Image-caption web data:

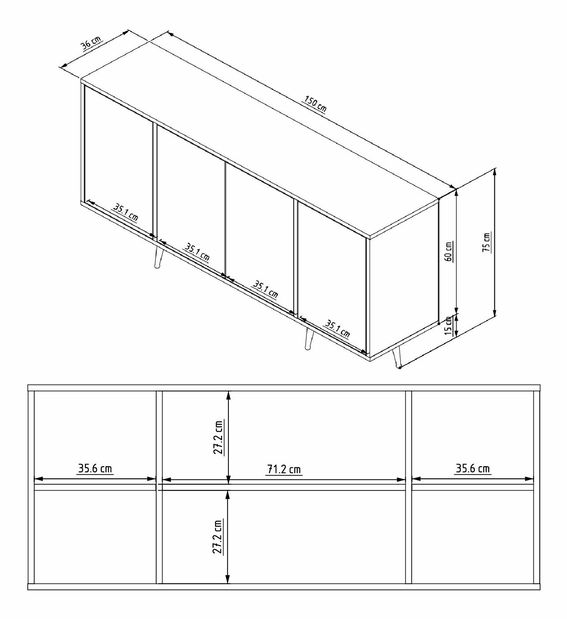 Skříňka Arvie (travertin)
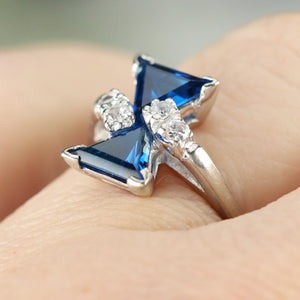 Vintage lab grown unusual blue and white spinel ring in white gold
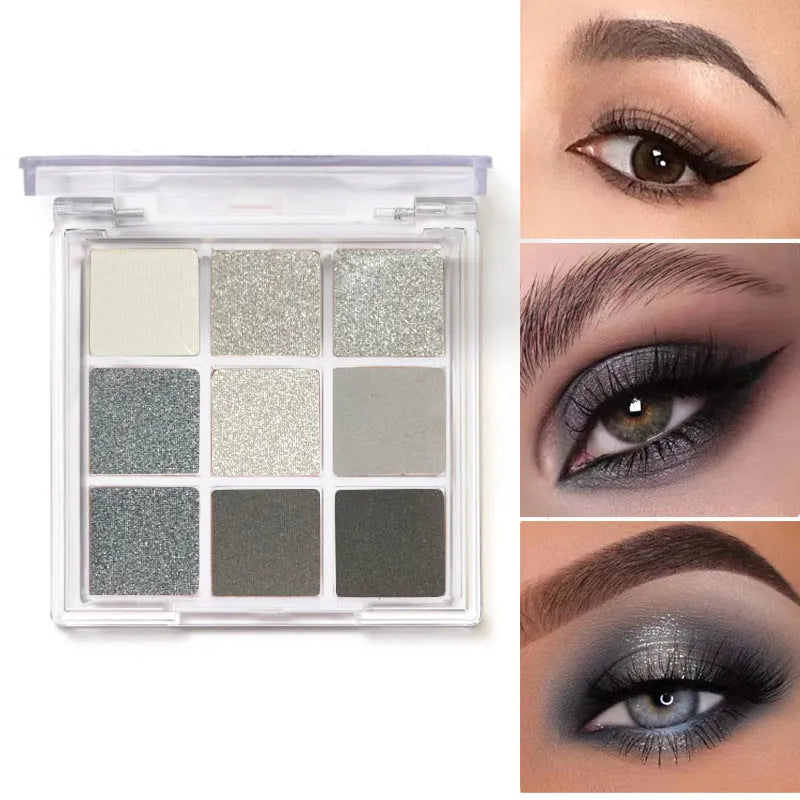 INS CZ0069 nine colour eyeshadow palette showing grey tones including iron grey and black shades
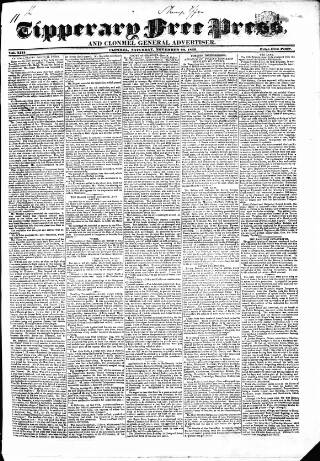 cover page of Tipperary Free Press published on November 23, 1839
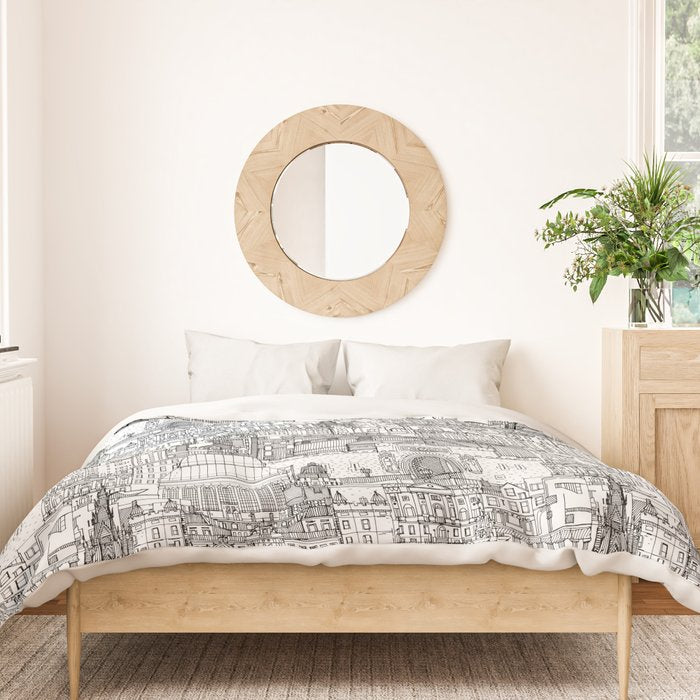 Edinburgh toile black white Duvet Cover Gallery Image 3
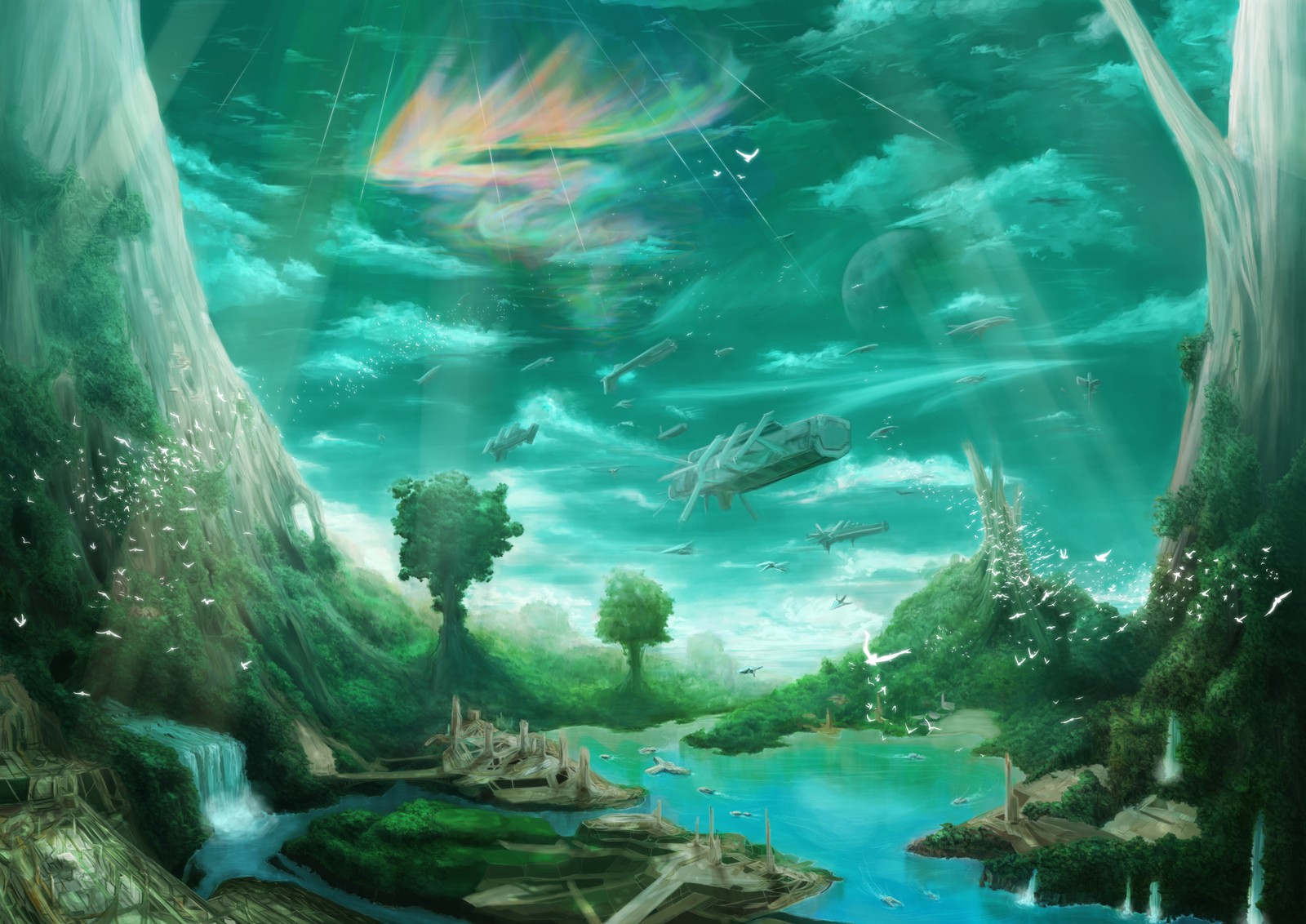 Una pintura de un río con una cascada y una nave espacial volando sobre él (naturaleza, agua, cauce, bioma, subacuático)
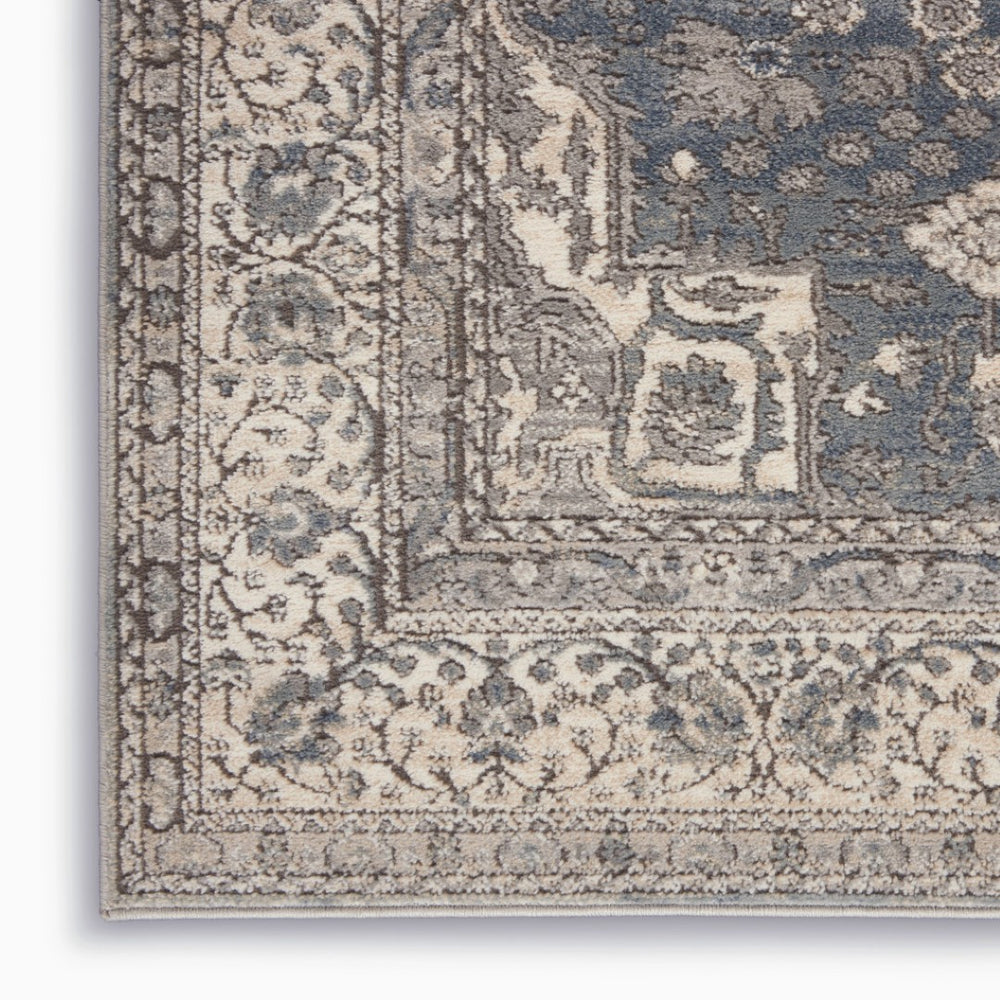 HomeRoots 9' Gray and Ivory Medallion Power Loom Area Rug - Timeless Elegance for Living Rooms & Bedrooms 7' X 10' 545213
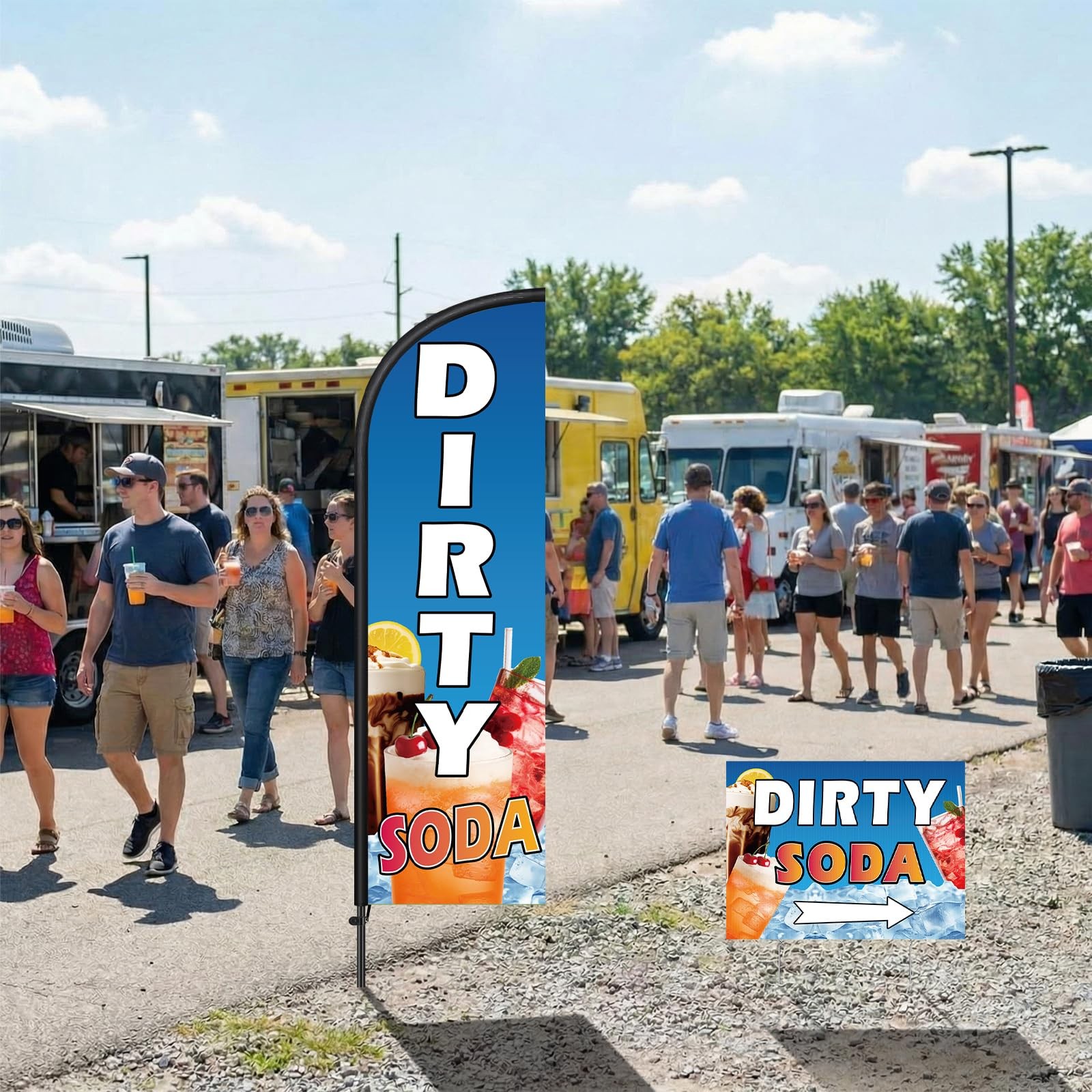 3 Pcs Dirty Soda Sign 1 Pcs 7 ft Dirty Soda Feather Flag with Pole Kit Yard S…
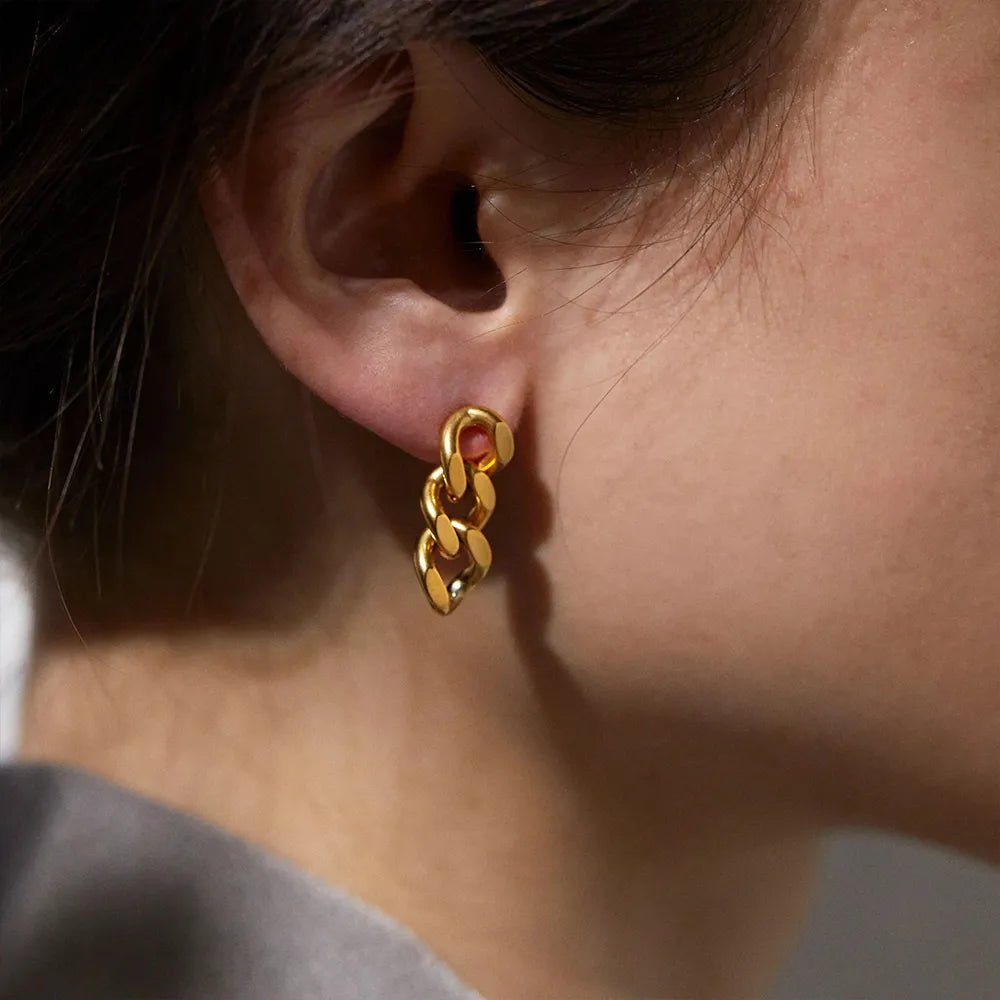 Link Chain Earrings - Zafinne Jewelry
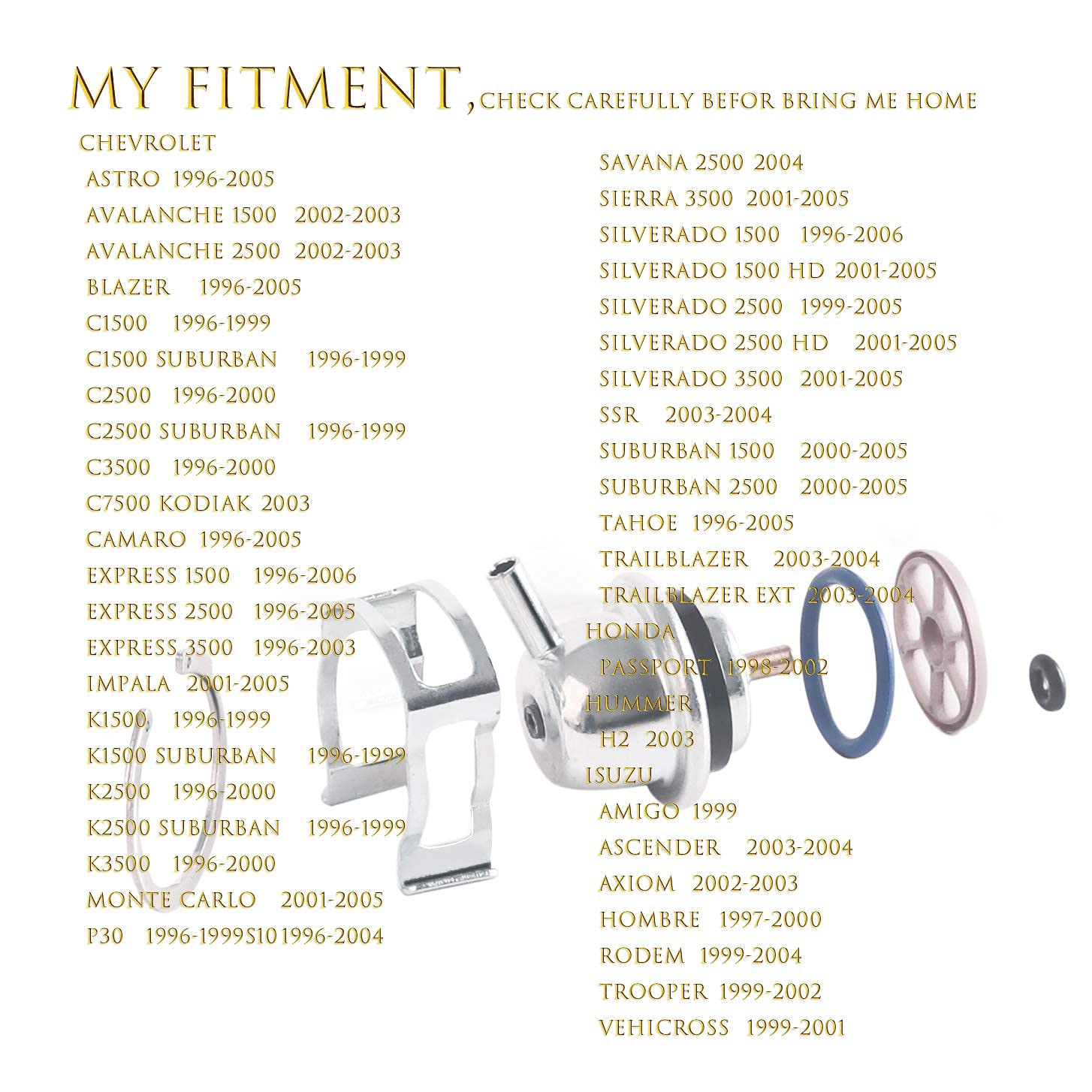 Fuel Injection Pressure Regulator 1996-2005 PR217 PR203 Compatible with GM Buick Cadillac Chevrolet GMC Honda Hummer Isuzu Oldsmobile Pontiac PR155/12574986/17113536/17113678/19245530/5G1404/2173074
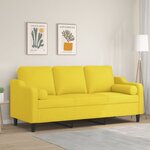 vidaXL Canapé 3 places avec oreillers jaune clair 180 cm tissu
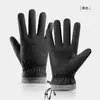 Novas luvas quentes masculinas, forradas com fleece de inverno, espessadas, antiderrapantes, luvas à prova de vento para esqui e ciclismo ao ar livre, envio direto da fábrica para mulheres.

* **Exercise aim**:
Copy out exactly the lines above beginning with the line that contains "cover page of" and finishing with the line that contains "Una pintura de", including both; leave the pictures out.

* **Result of the task**:
 cover page of Tipperary Free Press published on November 23, 1839
 Edinburgh toile black white Duvet Cover Gallery Image 3
 Una pintura de un río con una cascada y una nave espacial volando sobre él (naturaleza, agua, cauce, bioma, subacuático)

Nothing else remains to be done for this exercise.